We’re taught how to hustle. We’re taught how to delay gratification. We’re taught how to be functioning members of society. What we’re not taught is how to keep believing in “later” after you’ve watched later disappear for someone you love. No one teaches you how to reconcile ambition with mortality. So now I live in this in-between. I want to be responsible. I want to build a stable future. I want to plan. But I also don’t want to postpone joy like it’s optional. I don’t want to assume I have decades to circle back to what matters. I don’t want to grind blindly and hope I get to cash in. What if that day never comes and all of my "We'll do that laters" end up as nevers.
It’s a constant tug-of-war.
And layered on top of that is the absurdity of everyday life continuing as if nothing monumental happened. You’re quietly questioning time, safety, meaning. And someone emails you about a formatting error. Sometimes I want to reply: “Hi, yes. Both my parents are dead and I’m having a mild existential crisis about the fragility of existence. But sure let’s circle back on the font size.”
Instead, I say: “Thanks for bringing that to my attention.”
Growth.
Dark humor becomes survival.
Because if I don’t laugh at the expectation that I function normally after catastrophic loss, I will drown in the weight of it. People think grief is just sadness. It’s not.
It’s awareness. It’s fear. It’s anger. It’s gratitude that feels heavy instead of light. It’s googling symptoms at 11 p.m. because your brain now assumes worst-case scenarios are realistic. (at the moment, my oldest dog has cancer, my middle will die of obesity and my youngest was bit by a vampire. Clear health screenings, be damned.) It’s realizing how fragile everyone is. It’s realizing you are fragile.
Death doesn’t just take people. It rearranges the living. It rearranges how you see time. How you see risk. How you see work. How you see joy. In a twisted way, losing life up close makes you understand that life is a gift. Not the sparkly version. The heavy version.
The kind where gratitude and fear sit in the same room and refuse to leave. You start asking different questions. If time isn’t guaranteed, what actually matters? If later isn’t promised, what am I postponing? If everything can change overnight, what do I want my ordinary days to look like?
I don’t have the answers.
Some days I lean into planning because structure makes me feel safe. I need some sense of control.
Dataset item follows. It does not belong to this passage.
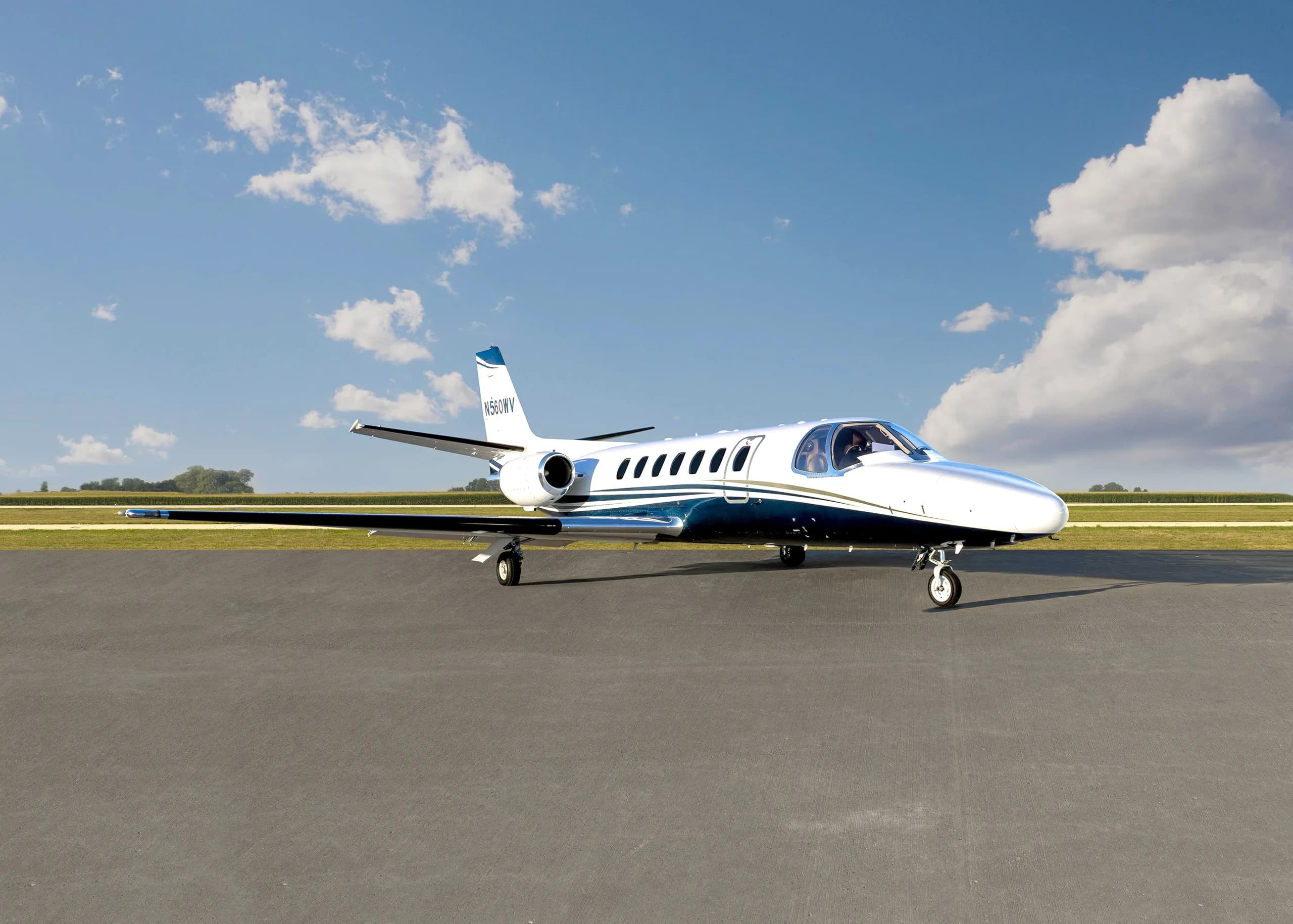 A Cessna Citation CJ1+ aircraft with registration N560WV on the tarmac, front view.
Some days I want to throw the five-year plan in the trash and book the trip. Most days I’m just trying to balance both. Trying to build a future without assuming I own it. Trying to live now without self-destructing. Trying to hold gratitude and grief in the same body. I am not the same person I was before. I’m less naive. Less impressed by trivial things. Less willing to tolerate nonsense. More protective of my time. More aware of how quickly everything can change.
There’s a heaviness to that.
But there’s also clarity.
Grief doesn’t just make you sad.
It makes you awake.
And once you’re awake like that, you don’t get to go back to sleep.
So now I live differently.
Not perfectly. Not fearlessly.
Just differently.
More aware that life is both a gift and unbelievably unfair at the same time.
And I’m still figuring out what to do with that.